Haine des catholiques sous le Troisième Reich : expression d'un « paganisme » nazi ?
Tout au long des années 1930, l’Église catholique allemande pâtit des mesures restrictives imposées par le régime. Derrière ces abus du Concordat, la presse française (et notamment de droite) voit l’avènement d’un paganisme völkisch prôné par une partie de l’élite nazie.
Au moment de la montée du nazisme à la fin des années 1920, la presse catholique française considère déjà le national-socialisme comme une forme de « paganisme ». La question de la nature de la foi des militants nazis est également posée non sans humour par les Juifs français dans L’Univers israélite, dès 1927 :
« Le général allemand Ludendorff vient de prendre une décision pour laquelle nous ne trouvons pas d’épithète. Il a annoncé, en effet, son intention d’abandonner l’Église parce que celle-ci reconnaît la divinité de Jésus, qui était juif.

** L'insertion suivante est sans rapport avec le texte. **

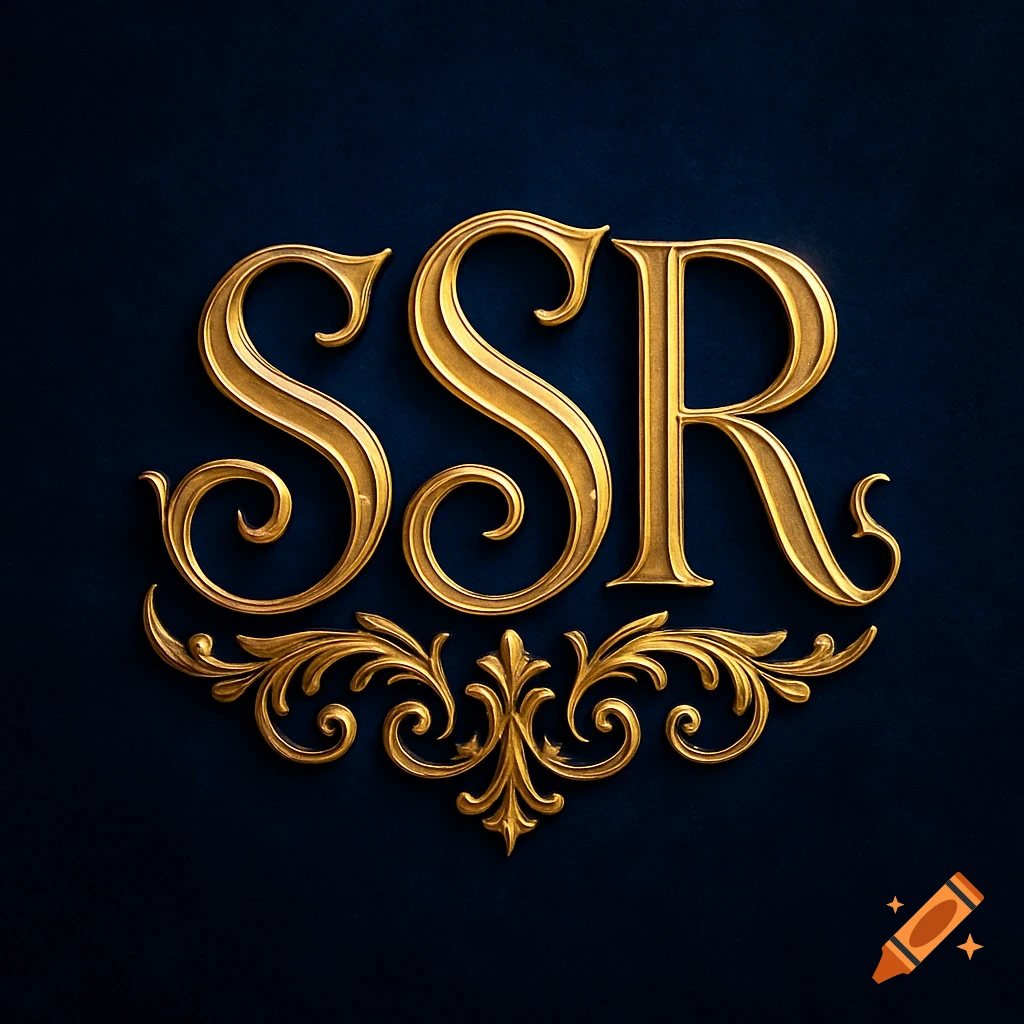 Golden ornate letters SSR with filigree on a dark blue background.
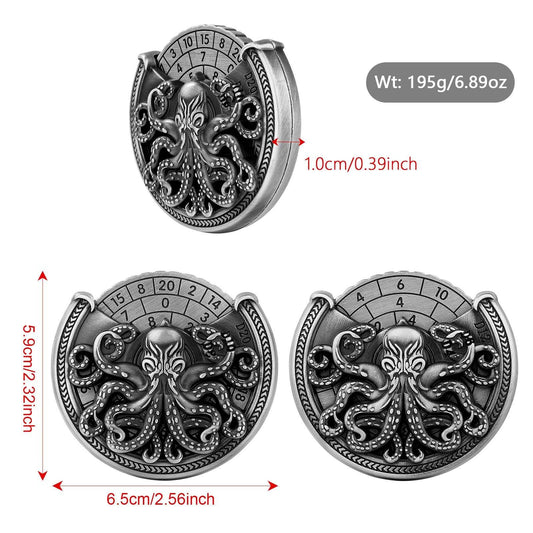 Vintage Metal Octopus Dice Turntable Game | Gift Box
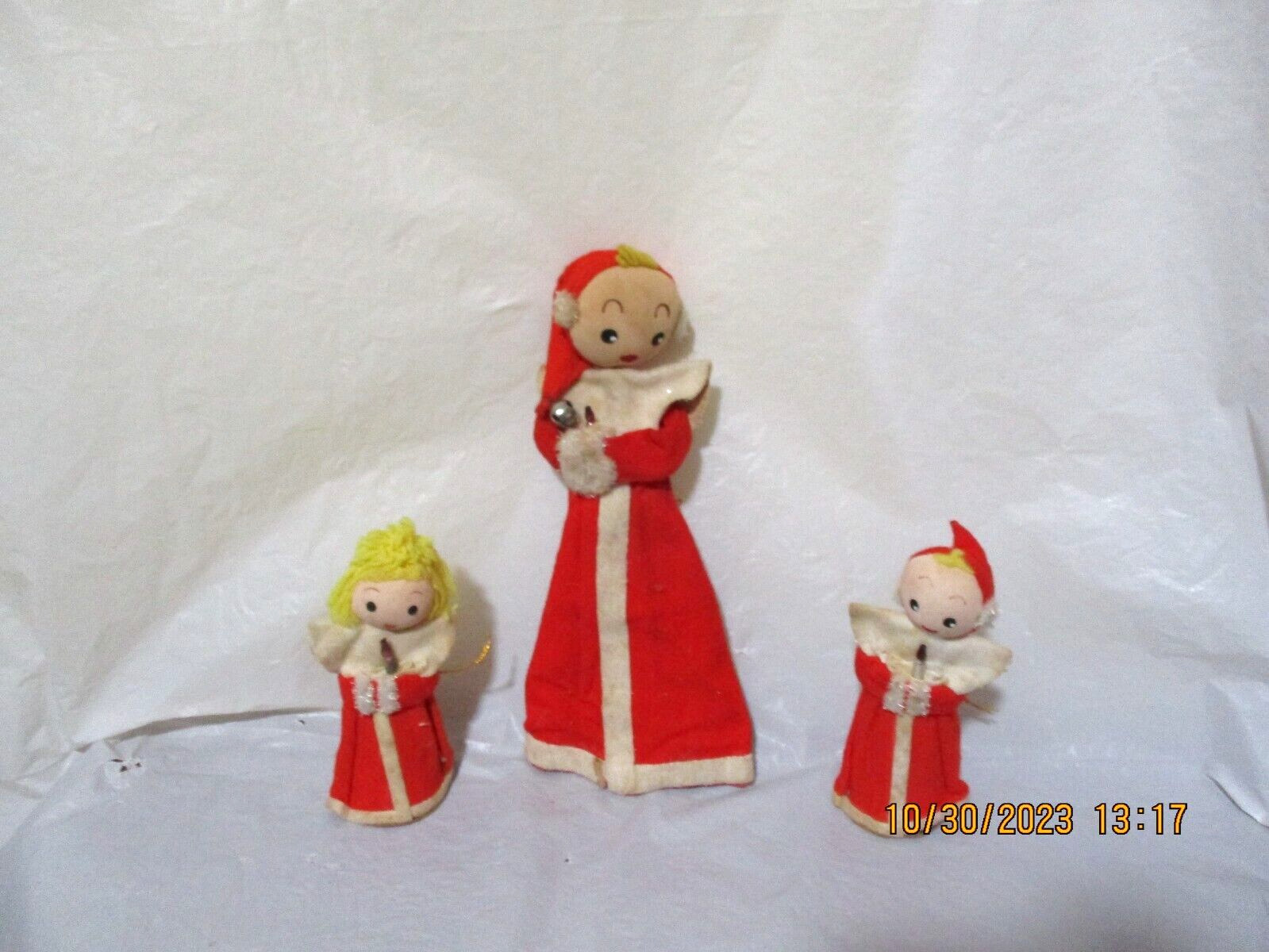 VTG Assorted 3 Nylon Face Felt Angels 2 Christmas Ornaments 1 Tree Topper, Japan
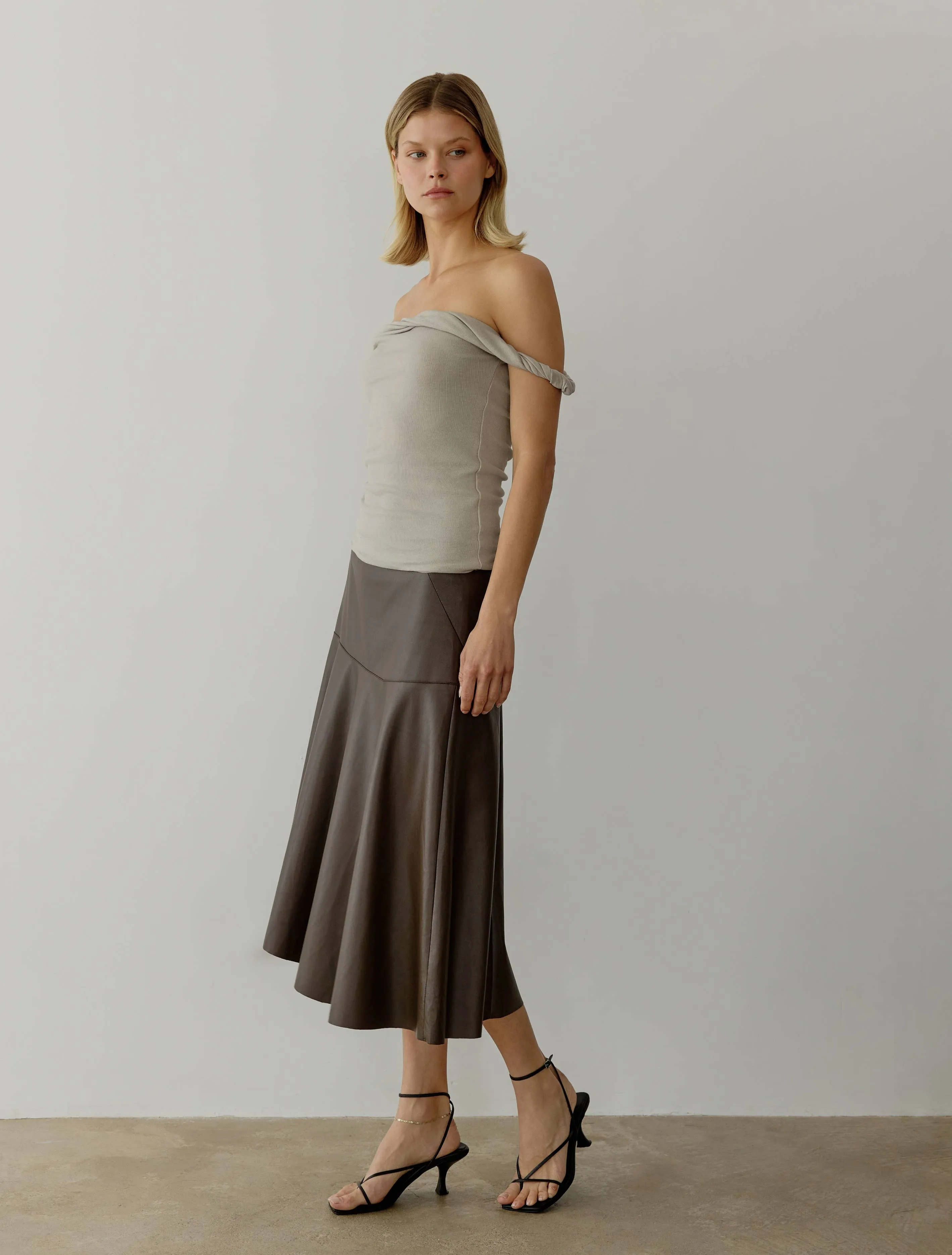 Asymmetrical Faux Leather Skirt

Le vieux Ludendorff ne veut pas d’un “Jude” pour dieu.
Il a mille fois raison ! Il faut être logique, que diable ! Le foudre de guerre s’est souvenu qu’il existe un dieu de pure souche germanique : Wotan, le terrible Wotan qui, sans les opéras de Wagner, serait bien oublié aujourd’hui…
C’est donc désormais Wotan que Ludendorff invoquera, c’est à lui qu’il demandera la victoire pour l’Allemagne à la prochaine “fraîche et joyeuse”. C’est Wotan qui sera le dieu des racistes jusqu’au jour où un farceur prouvera que Wotan était juif, lui aussi. Et alors, Ludendorff ne saura plus à quel dieu se vouer. »
L’accusation de « paganisme » forgée à l’encontre de l’extrême droite allemande est donc ancienne. Cette accusation se fera de plus en plus virulente dans les milieux catholiques à la fois au fur et à mesure de la montée des tensions géopolitiques et de l’évolution anticatholique du régime national-socialiste.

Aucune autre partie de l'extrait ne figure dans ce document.